Analytical study on phase transition of shape memory alloy wire under uniaxial tension

•The stress drop in stress-elongation curve at nucleation point is captured.•Maxwell stress plateau is captured by localized inhomogeneous deformations.•Phase transition does not take place at one point, but in a small fixed region.•Analytical formula for the width of phase transition region is obtained.•With small radius, there is a transition of solutions in a snap-back bifurcation. [Display omitted] This paper considers the stress-induced phase transitions of shape memory alloy slender cylinder, and analytically studies the phase transition process and the associated instability. A three-dimensional (3D) phenomenological model with an internal variable is adopted, which is simplified to a 1D system of two strains in three regions (austenite, martensite and phase transition regions). Suitable boundary conditions and interface conditions are proposed.
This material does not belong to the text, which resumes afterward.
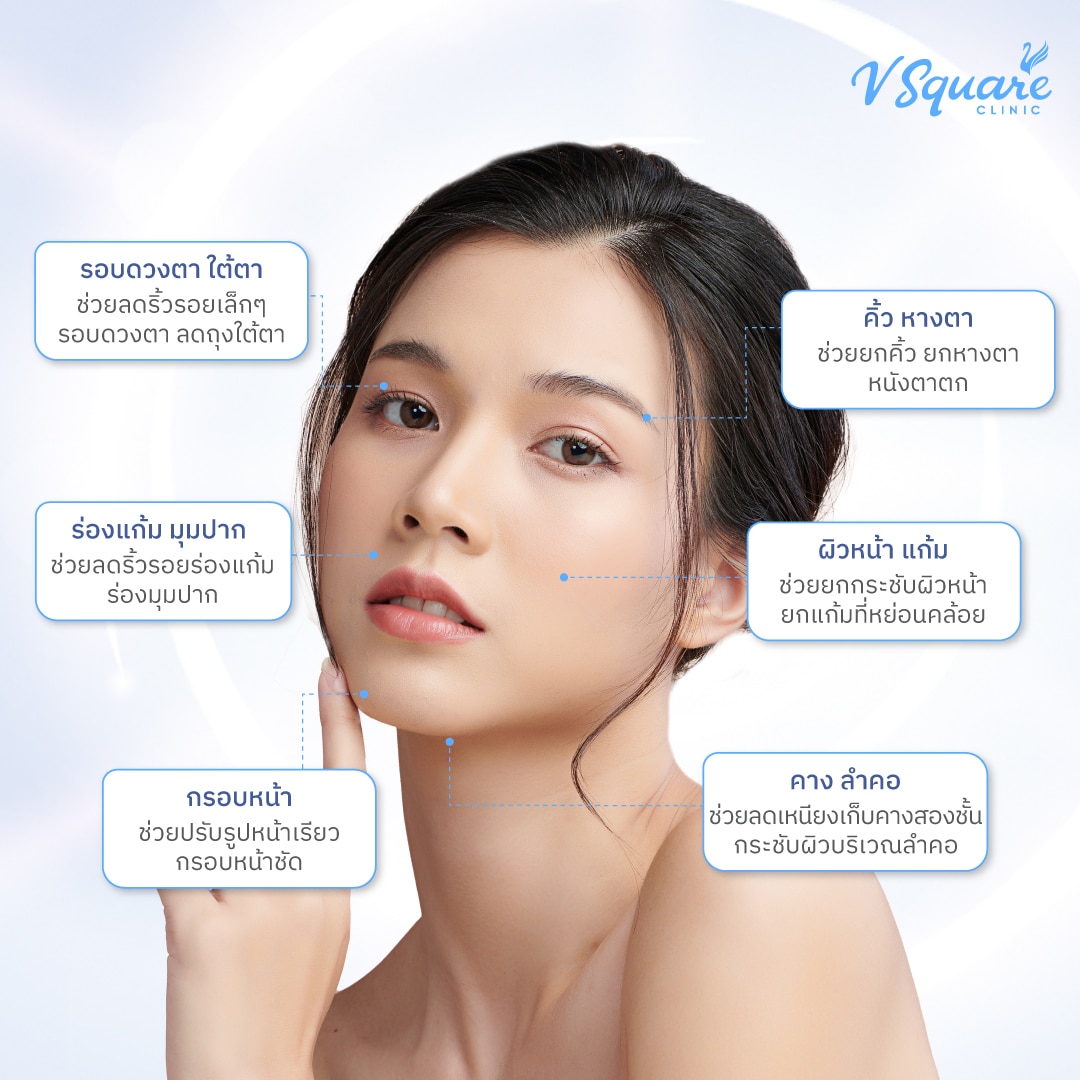 Hifu-ทำตำแหน่งไหนได้บ้าง1_1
Theoretically, it is a free boundary problem, as the position and shape of phase interfaces are unknown. We then focus on planar interfaces (which are energetically favored), and a symmetric case when phase transition occurs in the middle. For given applied stress, two-region solutions, three-region solutions and the connecting solutions between them are obtained analytically or semi-analytically, including many period-k solutions. Two-region solutions show that phase transition does not take place at one point, but simultaneously in a small region. The width of phase transition region is found analytically, revealing the roles of the material and geometrical parameters. Three-region solutions represent localized inhomogeneous deformations in experiments, and capture that the stress stays almost at the Maxwell stress during propagation of transformation front. For displacement-controlled process, the transition process is demonstrated by the stress-strain curve, which captures the stress drop/rise and the transition from homogeneous deformations to period-1 localized inhomogeneous deformations. When the radius is smaller than a critical value (given by material constants), the stress drop is very sharp due to transition of solutions in a snap-back bifurcation. These features show good agreement with experimental observations and shed light on the difficulties of numerical simulations.